Au début de l’année 2026, la thèse semblait solide. Les grands fonds macro de Londres et de New York avaient accumulé des positions vendeuses sur le pétrole du Golfe, pariant sur une correction durable des prix dans un environnement marqué par un excès d’offre et une demande mondiale atone. Le consensus était clair : le brut allait rester bas, les producteurs du Golfe allaient continuer à pomper, et les profits suivraient. C’est ce que disaient les modèles. C’est ce que répétaient les notes internes. Puis le détroit d’Ormuz a changé d’état.

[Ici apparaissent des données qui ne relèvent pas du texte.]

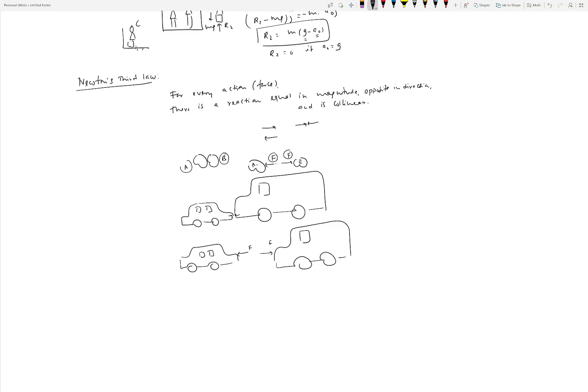You might think something is wrong because the car experiences more damage. But that has nothing to do with Newton's third law. What happens to each object depends on many other factors — for example, the friction characteristics between each vehicle and the ground, and the weight of the objects. These determine what happens after they experience the force, but Newton's third law says the forces themselves must be the same.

En mars 2026, une escalade géopolitique rapide dans la région a perturbé les routes de transit dans l’un des points de passage pétroliers les plus critiques du monde. Le Brent a franchi la barre des 100 dollars le baril en l’espace de quelques séances — un seuil psychologique et technique que les fonds positionnés à la vente ne pouvaient pas absorber sans réaction immédiate. Ce qui a suivi ressemble à une cascade classique : des appels de marge, des rachats forcés de positions, et une amplification de la hausse par les couvertures elles-mêmes. Un short squeeze de grande envergure, dans un marché illiquide au pire moment.
Les noms qui ont émergé dans les semaines suivantes sont ceux des plus grands gérants de fonds alternatifs du monde. Caxton Associates, le fonds macro de 9 milliards de dollars fondé par Bruce Kovner, a subi une perte estimée à plus de 1,3 milliard de dollars sur la période. Millennium Management, l’un des fonds les plus diversifiés du secteur avec des positions dans des dizaines de stratégies simultanément, a accusé au moins 1,5 milliard de pertes. Citadel, dont la réputation de gestion du risque est généralement considérée comme l’une des meilleures du secteur, a perdu environ 1 milliard de dollars dans ses portefeuilles macro et à revenus fixes.
Ce qui frappe, ce n’est pas uniquement l’ampleur des chiffres. C’est le profil des fonds concernés. Ces structures ne sont pas des acteurs imprudents. Elles ont des équipes entières dédiées à la gestion du risque géopolitique, des modèles de scénarios qui intègrent précisément les chocs moyen-orientaux, des historiens du marché qui ont vécu 1973, 1990, 2003. Et pourtant, elles se sont retrouvées du mauvais côté d’un mouvement qu’elles auraient pu, en théorie, anticiper.
Il y a sans doute plusieurs explications à cela. La première est la vitesse : les événements au détroit d’Ormuz ont évolué plus rapidement que les systèmes de surveillance ne pouvaient l’intégrer. La deuxième est le biais de confirmation — quand une thèse est partagée par suffisamment de participants importants, elle devient difficile à remettre en question en interne, même face à des signaux préoccupants. La troisième, plus inconfortable, est simplement que les marchés récompensent parfois des paris corrects sur le fond mais incorrects sur le calendrier.

Il est encore trop tôt pour mesurer l’impact total de cet épisode sur les stratégies à moyen terme de ces fonds. Certains ont déjà communiqué des ajustements de leurs expositions aux matières premières. D’autres restent silencieux. Ce qui est certain, c’est que mars 2026 rejoindra la liste des trimestres dont les gérants de fonds se souviendront longtemps — non pas comme une crise systémique, mais comme un rappel que même les meilleures thèses peuvent s’écraser contre la réalité du monde physique.